A run of EPs was followed, in 2015, by their debut album My Love Is Cool, which reached number two in the UK album charts, and received a Grammy nomination for the track “Moaning Lisa Smile”. Its successor, Visions of a Life, came two years later, and won the 2018 Mercury Prize. There have been global tours, support slots for Foo Fighters, Queens of the Stone Age, and Liam Gallagher, and the band were the subject of a film by revered director Michael Winterbottom.
Writing a follow-up to Visions of a Life was daunting. The success of that album, coupled with the many months spent on tour — the slog of shows and flights and hotels and long bus journeys across many miles, had taken a creative toll. “When we stopped touring,” recalls Rowsell, “I thought ‘Fuck, I haven’t written any songs…’”

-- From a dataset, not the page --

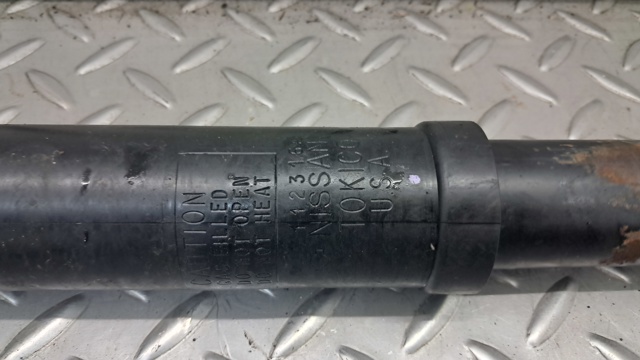 Амортизатор задній E62104BA1C NISSAN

The band decamped to an Air B’n’B in Somerset, and it was here that they reconfigured who they were together, far away from festival stages, tour buses, awards shows, and fans. They cemented their friendship, had a somewhat ramshackle night out, and set to work on some fledgling demos in a converted church. “We didn’t have a filter on any ideas,” says Ellis. “Any idea was a good idea at that point. And we did everything really haphazardly, but it was just about getting it working again, having a place to convene, getting ourselves into that atmosphere.”
Rowsell also discovered she had the beginnings of more songs than she had thought. “I didn’t realise I had written them,” she explains. “Just because I didn’t know what was good anymore. It had been so long since we had written new songs together that I was afraid to show anyone, and for them to say ‘These suck! You can’t write songs anymore!’

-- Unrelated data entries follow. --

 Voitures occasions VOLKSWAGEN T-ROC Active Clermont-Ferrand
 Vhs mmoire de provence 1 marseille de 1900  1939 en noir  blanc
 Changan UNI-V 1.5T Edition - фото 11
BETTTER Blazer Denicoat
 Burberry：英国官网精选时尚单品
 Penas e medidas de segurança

In fact during their time away from the studio Rowsell had evolved considerably as a songwriter, and the band were struck by the new maturity to her lyrics. “I think these are the best songs Ellie’s ever written,” says Oddie. She has acquired that rare songwriting gift — the ability to tread the fine line between consummate storyteller and confessional lyricist. And, too, she has realised that there can be both strength and solace in vulnerability. “This album is for other people.” she says. Its songs were written with the hope that they “might make people feel listened to if they are going through something.” Blue Weekend’s tales of love and breakups and close bonds and disillusionment, are largely the product of Rowsell’s realisation of the role of music in our lives, of the importance of the songs she writes.
“Sometimes you hear a song and it makes you feel better, or you hear a song and it makes you feel seen,” she explains. “I remember feeling blue about something, and thinking ‘I wonder what songs I can listen to that will be about what I’m feeling right now’. It was almost as if I was desperate to feel better about something, and I would go down any path to feel not alone in something, or to understand it more. And I’ve never really done that before intentionally, I’d never really sought it out.”
While these songs are categorically “not a diary entry” they are nonetheless rooted in Rowsell’s own experiences. “I’m really nervous about this album because it does sound like you can tell what I’ve gone through,” she says. “But I had to keep telling myself it was worth it. And only I can tell you what is real and what is not, and I don’t have to tell anyone.”
A persistent theme of the new album is love – the discovery of it, the loss of it, the strength of it, for partners, friends, ourselves. “On My Love Is Cool I wanted to make sure there were no love songs — I remember consciously not wanting there to be any because I thought that would be cooler,” she says. “I felt writing songs about relationships was what was expected of me. But now I don’t care, because I want to hear them! When I go to a bookshop, or when I go on Netflix, I type in ‘relationships’. Because that’s what I’m interested in.”
The most challenging of the new songs was “Feeling Myself”. “I see quite a lot of female musicians writing about self-love and being more open about their experiences,” Rowsell says. “But at the time I was writing it I felt ‘Uh, is this going to be embarrassing?’ But I knew I had to not be embarrassed to make it good.” There is perhaps no greater example of the progression in Rowsell’s work. “I think it’s just about getting older and feeling I don’t care as much,” she says. “If I want to progress as a human being I have to not be so afraid of things, of what I want to say.”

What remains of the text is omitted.